◆ WORK ITEM
Find the line with "The mating behavior" in the records below. Output exactly from there until after the line with "Considering this information, SILAC", without pictures.

◆ MATERIAL SHOWN
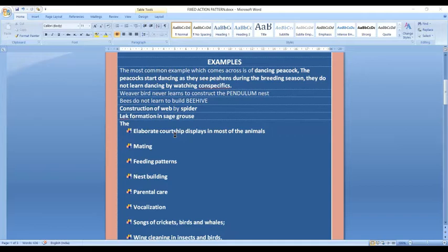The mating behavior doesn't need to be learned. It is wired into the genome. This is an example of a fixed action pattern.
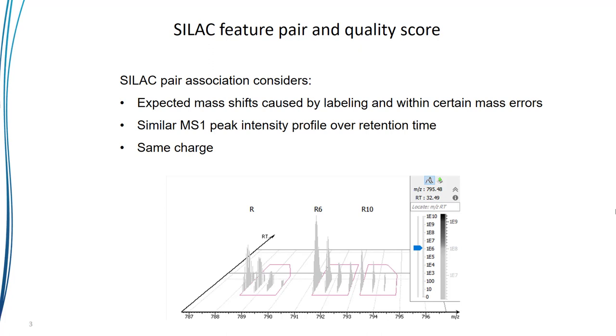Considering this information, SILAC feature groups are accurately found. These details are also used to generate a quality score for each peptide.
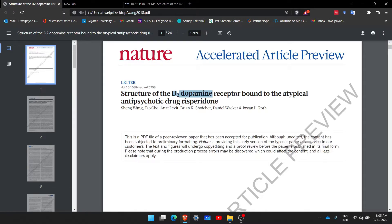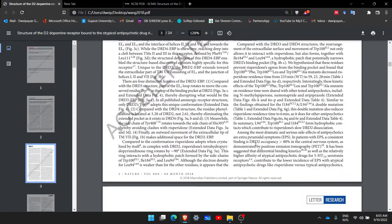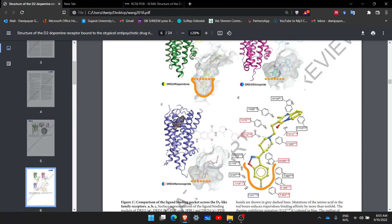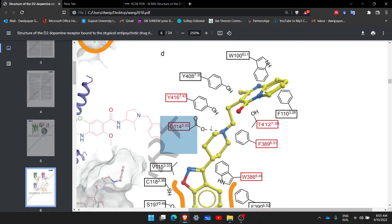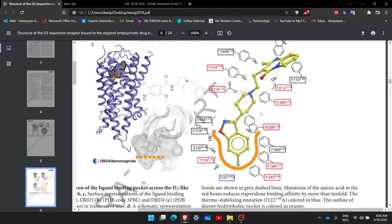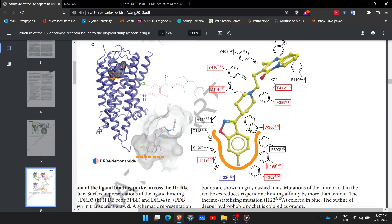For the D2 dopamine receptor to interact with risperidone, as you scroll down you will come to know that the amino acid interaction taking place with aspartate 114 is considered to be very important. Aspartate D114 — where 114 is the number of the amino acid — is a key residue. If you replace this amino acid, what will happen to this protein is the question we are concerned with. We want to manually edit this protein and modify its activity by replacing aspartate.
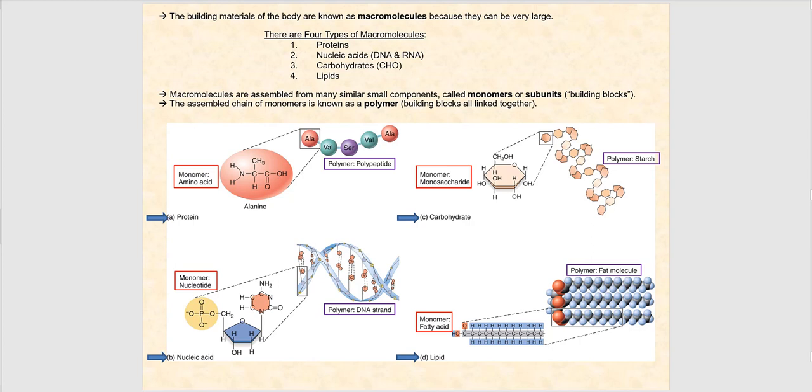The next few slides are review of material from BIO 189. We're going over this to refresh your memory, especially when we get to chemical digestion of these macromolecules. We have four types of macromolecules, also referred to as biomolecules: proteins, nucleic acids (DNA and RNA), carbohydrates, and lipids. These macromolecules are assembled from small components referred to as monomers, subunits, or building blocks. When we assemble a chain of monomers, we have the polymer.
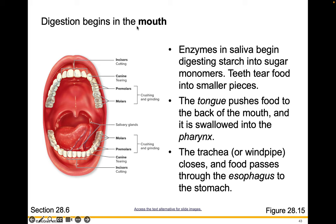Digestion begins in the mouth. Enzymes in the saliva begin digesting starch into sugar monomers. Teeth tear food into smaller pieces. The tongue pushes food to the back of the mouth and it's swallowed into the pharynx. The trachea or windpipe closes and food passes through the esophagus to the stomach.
---
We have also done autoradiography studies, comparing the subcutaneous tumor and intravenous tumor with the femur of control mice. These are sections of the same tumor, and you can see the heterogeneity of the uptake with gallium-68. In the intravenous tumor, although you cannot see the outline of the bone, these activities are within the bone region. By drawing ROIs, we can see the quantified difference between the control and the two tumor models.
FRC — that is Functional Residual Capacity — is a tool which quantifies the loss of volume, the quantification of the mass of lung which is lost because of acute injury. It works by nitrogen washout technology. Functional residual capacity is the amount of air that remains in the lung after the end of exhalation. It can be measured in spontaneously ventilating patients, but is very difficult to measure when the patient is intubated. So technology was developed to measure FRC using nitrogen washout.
* * *
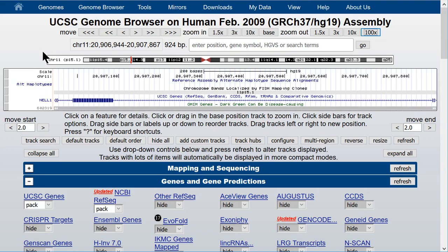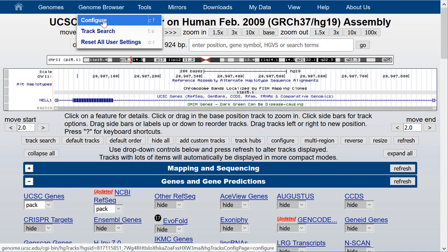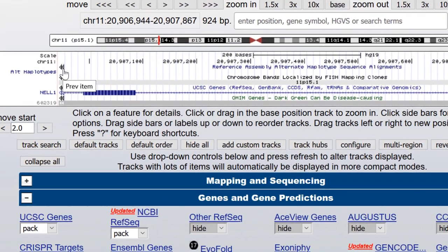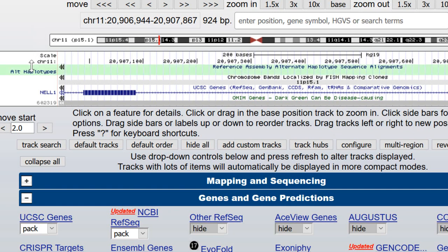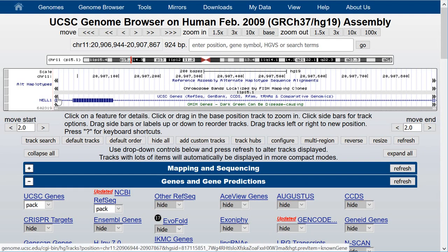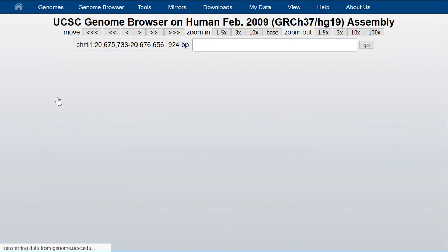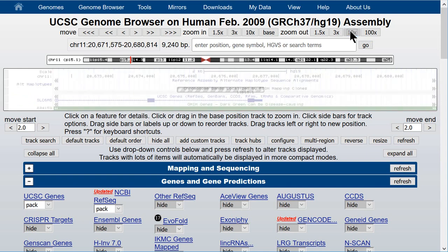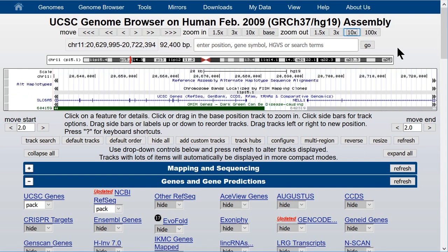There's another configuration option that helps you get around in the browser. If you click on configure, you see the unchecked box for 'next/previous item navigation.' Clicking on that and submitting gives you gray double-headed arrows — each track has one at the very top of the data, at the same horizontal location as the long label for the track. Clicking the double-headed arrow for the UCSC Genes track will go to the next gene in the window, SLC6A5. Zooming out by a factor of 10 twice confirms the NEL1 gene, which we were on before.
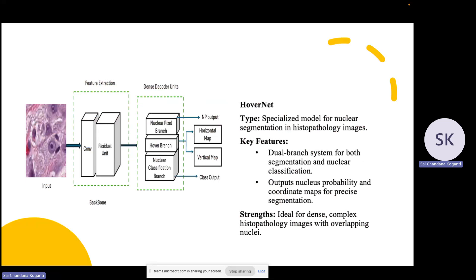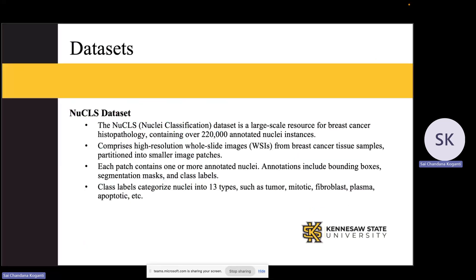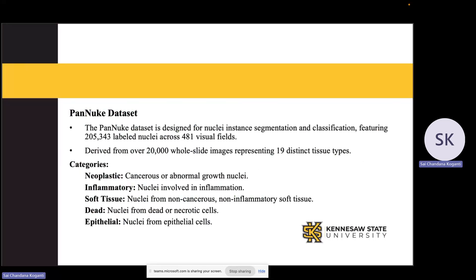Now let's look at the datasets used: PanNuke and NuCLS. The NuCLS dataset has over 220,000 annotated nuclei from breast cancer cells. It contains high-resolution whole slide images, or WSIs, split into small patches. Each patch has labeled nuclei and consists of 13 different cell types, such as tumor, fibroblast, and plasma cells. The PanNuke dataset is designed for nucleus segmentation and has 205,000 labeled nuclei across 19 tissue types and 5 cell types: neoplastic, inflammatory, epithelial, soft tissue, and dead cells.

◆ ANSWER FOR THE TASK
The mating behavior doesn't need to be learned. It is wired into the genome. This is an example of a fixed action pattern.
Considering this information, SILAC feature groups are accurately found. These details are also used to generate a quality score for each peptide.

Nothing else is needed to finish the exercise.